» **Exercise description**: Your task is to print all of the data word for word.

═══ Input data ═══

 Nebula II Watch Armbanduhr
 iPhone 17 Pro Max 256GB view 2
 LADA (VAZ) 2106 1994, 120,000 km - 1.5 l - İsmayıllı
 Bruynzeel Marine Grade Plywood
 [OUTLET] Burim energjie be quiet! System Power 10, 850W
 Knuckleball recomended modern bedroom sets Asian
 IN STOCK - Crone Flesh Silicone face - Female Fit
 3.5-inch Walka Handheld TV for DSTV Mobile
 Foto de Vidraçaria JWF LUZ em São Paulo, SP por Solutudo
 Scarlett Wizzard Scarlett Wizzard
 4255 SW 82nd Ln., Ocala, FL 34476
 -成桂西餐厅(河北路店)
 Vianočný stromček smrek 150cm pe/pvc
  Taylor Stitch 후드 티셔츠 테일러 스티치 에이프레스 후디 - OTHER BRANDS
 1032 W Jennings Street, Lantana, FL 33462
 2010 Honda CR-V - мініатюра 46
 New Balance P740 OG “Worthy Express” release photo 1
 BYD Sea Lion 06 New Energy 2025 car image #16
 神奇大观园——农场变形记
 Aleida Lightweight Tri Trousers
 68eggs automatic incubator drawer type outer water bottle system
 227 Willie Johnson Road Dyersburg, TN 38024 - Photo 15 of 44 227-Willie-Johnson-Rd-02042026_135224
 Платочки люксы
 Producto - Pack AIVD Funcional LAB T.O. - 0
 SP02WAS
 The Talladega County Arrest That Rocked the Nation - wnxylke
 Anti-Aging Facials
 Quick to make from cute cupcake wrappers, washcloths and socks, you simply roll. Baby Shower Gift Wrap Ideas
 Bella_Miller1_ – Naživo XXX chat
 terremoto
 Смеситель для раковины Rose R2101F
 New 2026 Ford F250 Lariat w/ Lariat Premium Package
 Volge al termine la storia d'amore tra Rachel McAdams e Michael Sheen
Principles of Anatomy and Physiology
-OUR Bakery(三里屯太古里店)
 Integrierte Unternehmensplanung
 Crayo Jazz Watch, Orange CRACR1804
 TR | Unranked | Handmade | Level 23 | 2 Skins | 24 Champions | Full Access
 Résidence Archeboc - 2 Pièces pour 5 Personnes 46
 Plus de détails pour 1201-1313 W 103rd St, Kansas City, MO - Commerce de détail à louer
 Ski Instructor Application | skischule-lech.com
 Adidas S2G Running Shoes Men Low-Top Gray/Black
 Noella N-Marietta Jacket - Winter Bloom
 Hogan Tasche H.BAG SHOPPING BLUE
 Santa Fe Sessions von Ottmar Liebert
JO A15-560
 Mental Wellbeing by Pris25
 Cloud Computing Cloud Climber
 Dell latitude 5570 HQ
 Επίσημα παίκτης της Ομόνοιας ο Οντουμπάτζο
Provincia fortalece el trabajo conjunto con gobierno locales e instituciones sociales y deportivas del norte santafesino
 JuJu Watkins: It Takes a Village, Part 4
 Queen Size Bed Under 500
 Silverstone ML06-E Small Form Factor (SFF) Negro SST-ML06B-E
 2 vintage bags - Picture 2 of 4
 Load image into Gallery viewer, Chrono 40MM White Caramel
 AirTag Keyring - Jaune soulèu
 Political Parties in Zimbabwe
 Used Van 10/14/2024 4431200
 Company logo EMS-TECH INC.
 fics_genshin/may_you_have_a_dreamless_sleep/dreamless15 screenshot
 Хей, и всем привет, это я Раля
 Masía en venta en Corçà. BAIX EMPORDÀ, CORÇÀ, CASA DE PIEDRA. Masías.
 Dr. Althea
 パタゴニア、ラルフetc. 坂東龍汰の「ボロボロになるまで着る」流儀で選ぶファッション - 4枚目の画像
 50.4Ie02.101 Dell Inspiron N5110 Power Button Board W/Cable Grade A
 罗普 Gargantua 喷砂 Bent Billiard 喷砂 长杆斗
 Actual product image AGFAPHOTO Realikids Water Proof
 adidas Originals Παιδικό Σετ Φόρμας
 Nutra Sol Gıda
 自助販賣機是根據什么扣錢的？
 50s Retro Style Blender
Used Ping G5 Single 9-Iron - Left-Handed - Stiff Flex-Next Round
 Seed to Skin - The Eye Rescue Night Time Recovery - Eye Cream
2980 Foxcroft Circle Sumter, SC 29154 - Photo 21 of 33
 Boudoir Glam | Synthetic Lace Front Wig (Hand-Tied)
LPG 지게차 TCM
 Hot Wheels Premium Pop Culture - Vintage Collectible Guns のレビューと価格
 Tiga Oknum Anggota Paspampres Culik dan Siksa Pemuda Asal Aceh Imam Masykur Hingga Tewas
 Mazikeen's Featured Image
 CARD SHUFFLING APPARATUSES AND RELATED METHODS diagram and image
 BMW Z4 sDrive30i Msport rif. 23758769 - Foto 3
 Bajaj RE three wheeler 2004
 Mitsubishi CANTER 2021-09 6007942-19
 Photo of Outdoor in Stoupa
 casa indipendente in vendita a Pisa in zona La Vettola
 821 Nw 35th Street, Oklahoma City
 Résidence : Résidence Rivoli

═══

» **Response to this task**:
 Nebula II Watch Armbanduhr
 iPhone 17 Pro Max 256GB view 2
 LADA (VAZ) 2106 1994, 120,000 km - 1.5 l - İsmayıllı
 Bruynzeel Marine Grade Plywood
 [OUTLET] Burim energjie be quiet! System Power 10, 850W
 Knuckleball recomended modern bedroom sets Asian
 IN STOCK - Crone Flesh Silicone face - Female Fit
 3.5-inch Walka Handheld TV for DSTV Mobile
 Foto de Vidraçaria JWF LUZ em São Paulo, SP por Solutudo
 Scarlett Wizzard Scarlett Wizzard
 4255 SW 82nd Ln., Ocala, FL 34476
 -成桂西餐厅(河北路店)
 Vianočný stromček smrek 150cm pe/pvc
  Taylor Stitch 후드 티셔츠 테일러 스티치 에이프레스 후디 - OTHER BRANDS
 1032 W Jennings Street, Lantana, FL 33462
 2010 Honda CR-V - мініатюра 46
 New Balance P740 OG “Worthy Express” release photo 1
 BYD Sea Lion 06 New Energy 2025 car image #16
 神奇大观园——农场变形记
 Aleida Lightweight Tri Trousers
 68eggs automatic incubator drawer type outer water bottle system
 227 Willie Johnson Road Dyersburg, TN 38024 - Photo 15 of 44 227-Willie-Johnson-Rd-02042026_135224
 Платочки люксы
 Producto - Pack AIVD Funcional LAB T.O. - 0
 SP02WAS
 The Talladega County Arrest That Rocked the Nation - wnxylke
 Anti-Aging Facials
 Quick to make from cute cupcake wrappers, washcloths and socks, you simply roll. Baby Shower Gift Wrap Ideas
 Bella_Miller1_ – Naživo XXX chat
 terremoto
 Смеситель для раковины Rose R2101F
 New 2026 Ford F250 Lariat w/ Lariat Premium Package
 Volge al termine la storia d'amore tra Rachel McAdams e Michael Sheen
Principles of Anatomy and Physiology
-OUR Bakery(三里屯太古里店)
 Integrierte Unternehmensplanung
 Crayo Jazz Watch, Orange CRACR1804
 TR | Unranked | Handmade | Level 23 | 2 Skins | 24 Champions | Full Access
 Résidence Archeboc - 2 Pièces pour 5 Personnes 46
 Plus de détails pour 1201-1313 W 103rd St, Kansas City, MO - Commerce de détail à louer
 Ski Instructor Application | skischule-lech.com
 Adidas S2G Running Shoes Men Low-Top Gray/Black
 Noella N-Marietta Jacket - Winter Bloom
 Hogan Tasche H.BAG SHOPPING BLUE
 Santa Fe Sessions von Ottmar Liebert
JO A15-560
 Mental Wellbeing by Pris25
 Cloud Computing Cloud Climber
 Dell latitude 5570 HQ
 Επίσημα παίκτης της Ομόνοιας ο Οντουμπάτζο
Provincia fortalece el trabajo conjunto con gobierno locales e instituciones sociales y deportivas del norte santafesino
 JuJu Watkins: It Takes a Village, Part 4
 Queen Size Bed Under 500
 Silverstone ML06-E Small Form Factor (SFF) Negro SST-ML06B-E
 2 vintage bags - Picture 2 of 4
 Load image into Gallery viewer, Chrono 40MM White Caramel
 AirTag Keyring - Jaune soulèu
 Political Parties in Zimbabwe
 Used Van 10/14/2024 4431200
 Company logo EMS-TECH INC.
 fics_genshin/may_you_have_a_dreamless_sleep/dreamless15 screenshot
 Хей, и всем привет, это я Раля
 Masía en venta en Corçà. BAIX EMPORDÀ, CORÇÀ, CASA DE PIEDRA. Masías.
 Dr. Althea
 パタゴニア、ラルフetc. 坂東龍汰の「ボロボロになるまで着る」流儀で選ぶファッション - 4枚目の画像
 50.4Ie02.101 Dell Inspiron N5110 Power Button Board W/Cable Grade A
 罗普 Gargantua 喷砂 Bent Billiard 喷砂 长杆斗
 Actual product image AGFAPHOTO Realikids Water Proof
 adidas Originals Παιδικό Σετ Φόρμας
 Nutra Sol Gıda
 自助販賣機是根據什么扣錢的？
 50s Retro Style Blender
Used Ping G5 Single 9-Iron - Left-Handed - Stiff Flex-Next Round
 Seed to Skin - The Eye Rescue Night Time Recovery - Eye Cream
2980 Foxcroft Circle Sumter, SC 29154 - Photo 21 of 33
 Boudoir Glam | Synthetic Lace Front Wig (Hand-Tied)
LPG 지게차 TCM
 Hot Wheels Premium Pop Culture - Vintage Collectible Guns のレビューと価格
 Tiga Oknum Anggota Paspampres Culik dan Siksa Pemuda Asal Aceh Imam Masykur Hingga Tewas
 Mazikeen's Featured Image
 CARD SHUFFLING APPARATUSES AND RELATED METHODS diagram and image
 BMW Z4 sDrive30i Msport rif. 23758769 - Foto 3
 Bajaj RE three wheeler 2004
 Mitsubishi CANTER 2021-09 6007942-19
 Photo of Outdoor in Stoupa
 casa indipendente in vendita a Pisa in zona La Vettola
 821 Nw 35th Street, Oklahoma City
 Résidence : Résidence Rivoli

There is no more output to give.